• [WHAT YOU NEED TO DO] Quote the records exactly, starting at the first line and stopping after the line with "Diabetic Neuropathy UAE: Causes, Symptoms, and"; skip the pictures.

Short text fragments from websites:
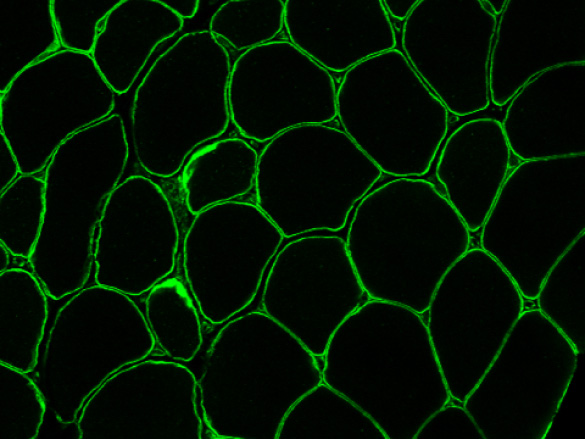 muscle-cs-2 Neuromuscular Disease Treatment Today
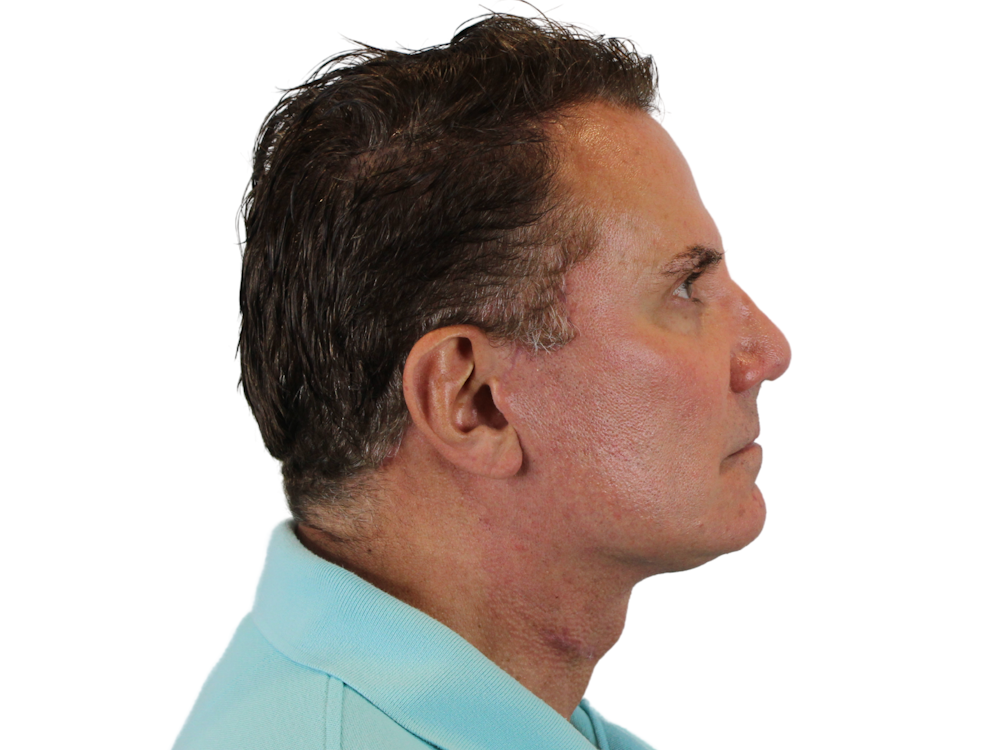 Deep Neck Lift Before & After Gallery - Patient 131840908 - Image 12
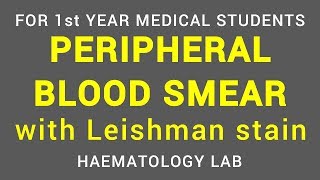 PERIPHERAL BLOOD SMEAR  LEISHMAN STAIN  HAEMATOLOGY LAB  PHYSIOLOGY [upl. by Ahtimat210]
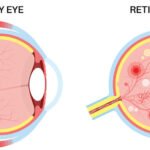 Diabetic Neuropathy UAE: Causes, Symptoms, and Treatment Guide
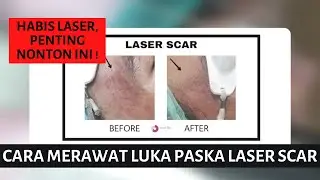 Hilangkan Bopeng Jerawat dengan Erbium Laser - TIPS Paska Laser Bopeng Bekas Jerawat - Ovela Clinic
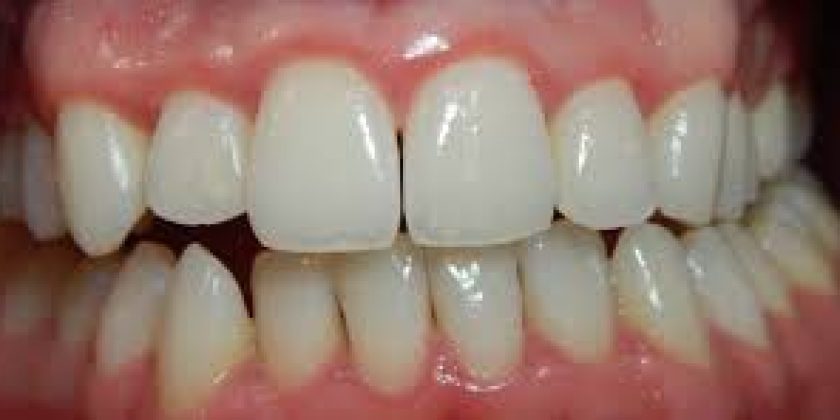 Gingivitis y periodontitis, ¿Qué son y cómo diferenciarlas? - Clínica Manuel Rosa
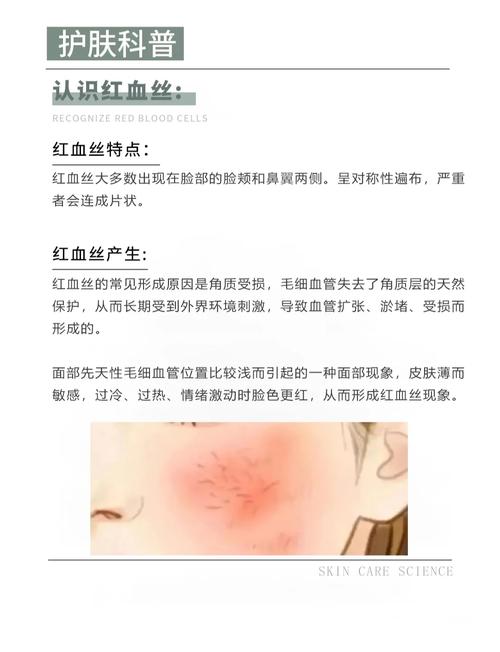 中医能调理好红血丝吗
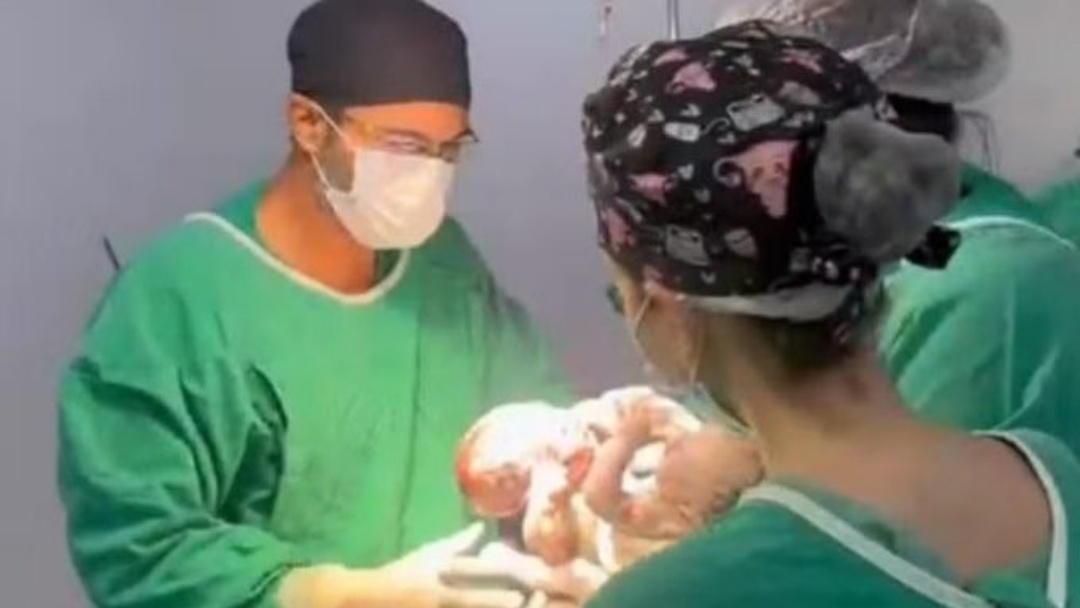 Gêmeos siameses recém-nascidos morrem em Goiás após cirurgias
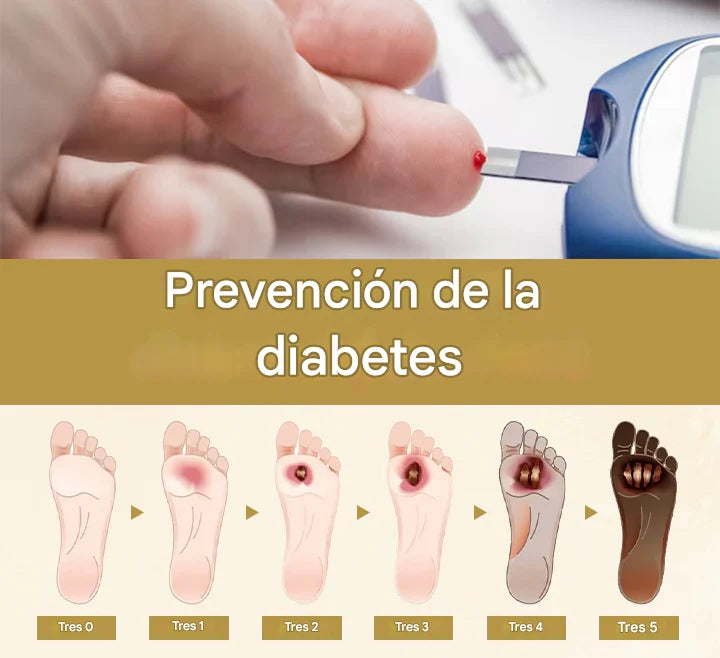 Timilk Diabetic🌿¡Spray curativo para pies diabéticos, Alivio natural y cicatrización de piel diabética!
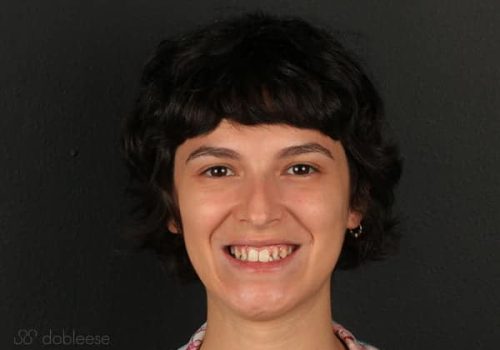 Caso real de Victoria antes del tratamiento dental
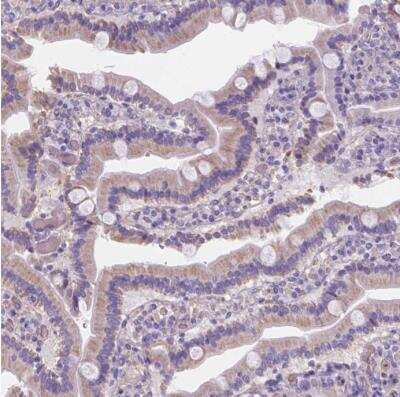 Immunohistochemistry-Paraffin: Ferroportin/SLC40A1 Antibody [NBP2-49454]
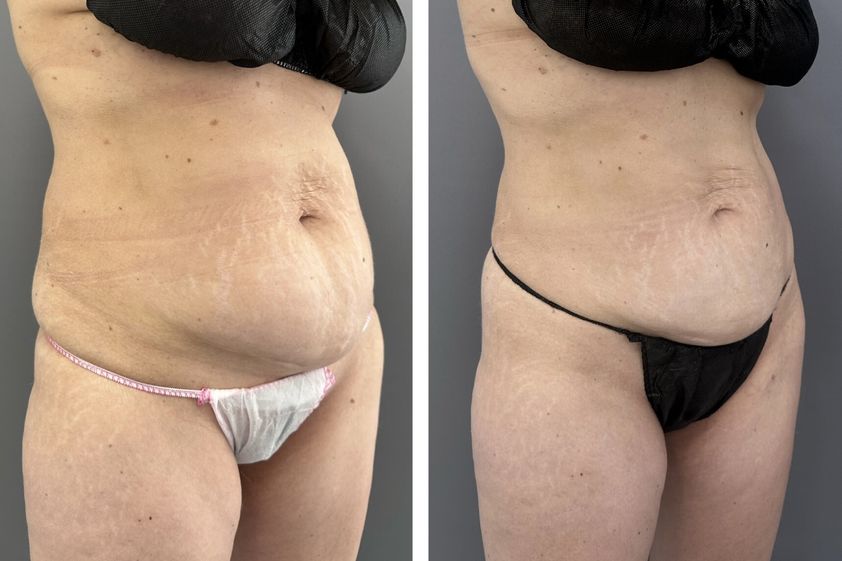 Criolipólisis antes y después - 863326
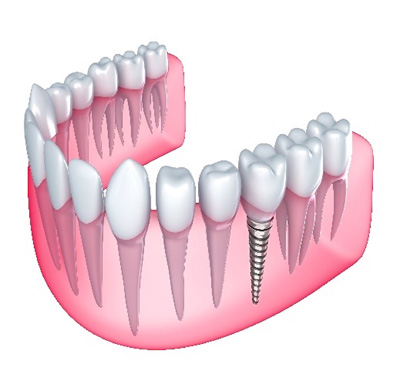 Figura 1. Implante dental en mandbula inferior [2]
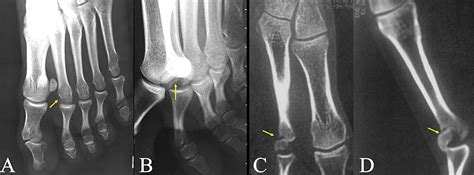 Cureus Acute Osteochondral Fracture Of The Metatarsal Head A Report Of Two Cases And Review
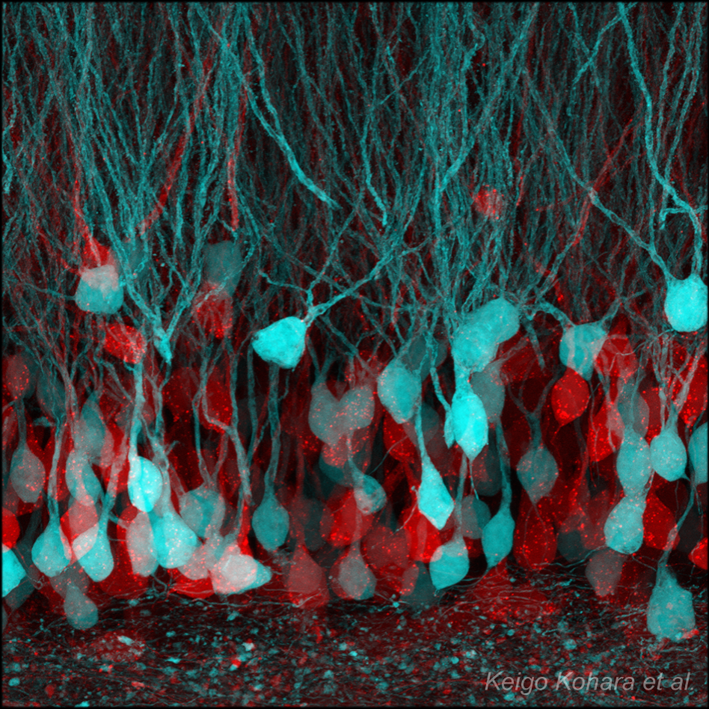 BATTLE-1により可視化された海馬歯状回神経細胞 3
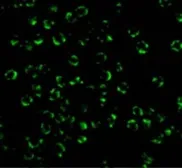 Anti-RIP2 antibody used in Immunocytochemistry/ Immunofluorescence (ICC/IF). GTX31647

• [RESULT FOR THIS TASK]
 muscle-cs-2 Neuromuscular Disease Treatment Today
 Deep Neck Lift Before & After Gallery - Patient 131840908 - Image 12
 PERIPHERAL BLOOD SMEAR  LEISHMAN STAIN  HAEMATOLOGY LAB  PHYSIOLOGY [upl. by Ahtimat210]
 Diabetic Neuropathy UAE: Causes, Symptoms, and Treatment Guide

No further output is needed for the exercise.